• Your task:
If a line below falls between the line with "Handmade purple french" and the line with "Obraz premium A", or is one of those two, output it exactly; output nothing else and no pictures.

• Data for processing:
————————
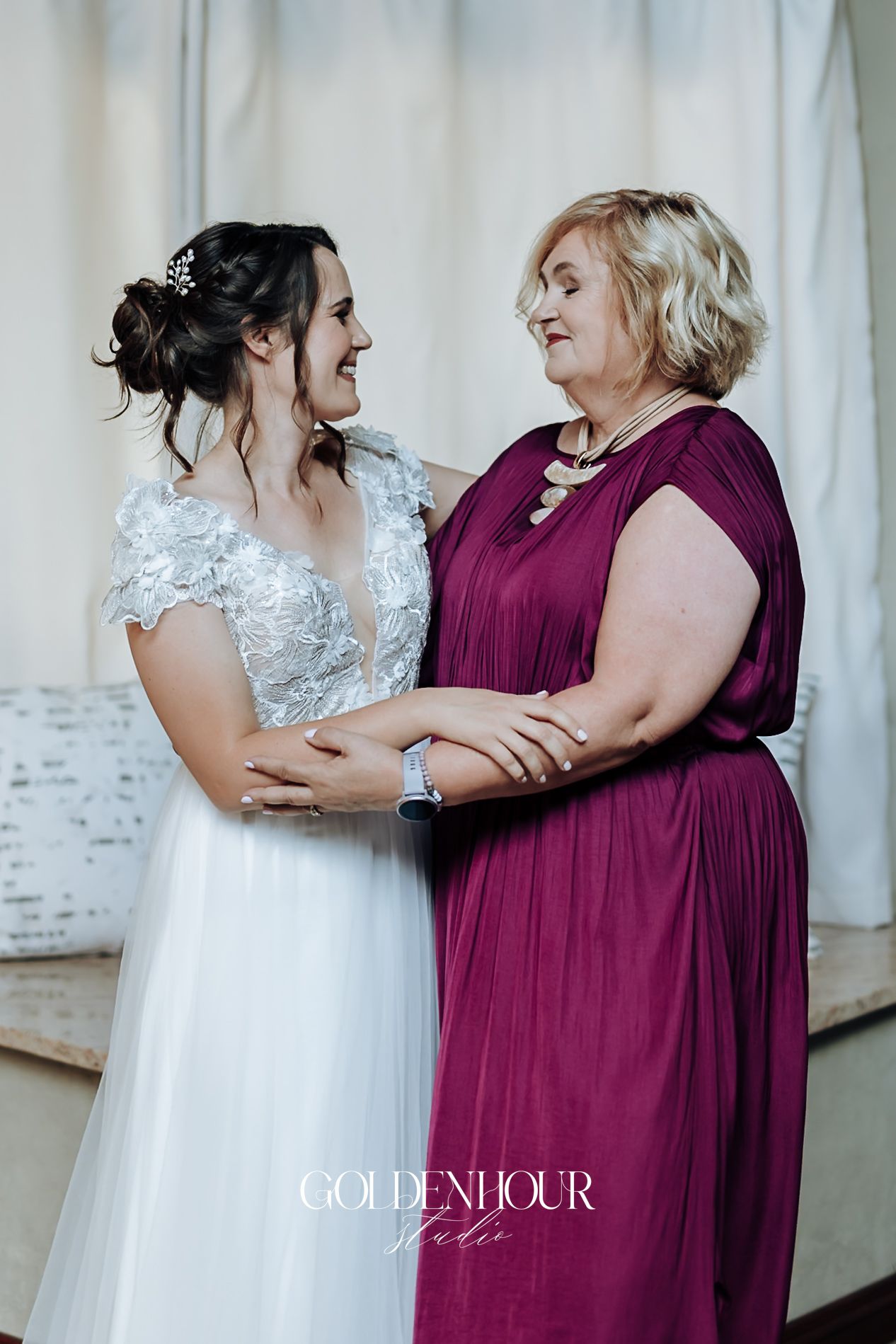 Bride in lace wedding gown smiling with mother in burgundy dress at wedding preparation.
————————
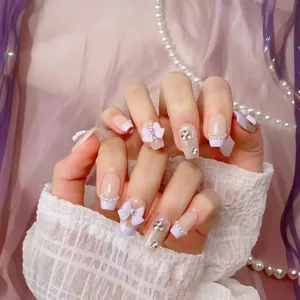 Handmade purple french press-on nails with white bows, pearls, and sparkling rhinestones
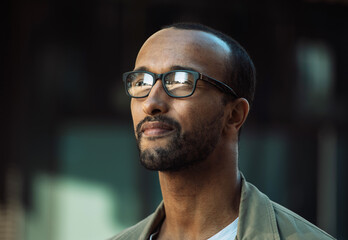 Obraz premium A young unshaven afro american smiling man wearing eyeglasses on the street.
————————
• Completed exercise:
 Handmade purple french press-on nails with white bows, pearls, and sparkling rhinestones
 Obraz premium A young unshaven afro american smiling man wearing eyeglasses on the street.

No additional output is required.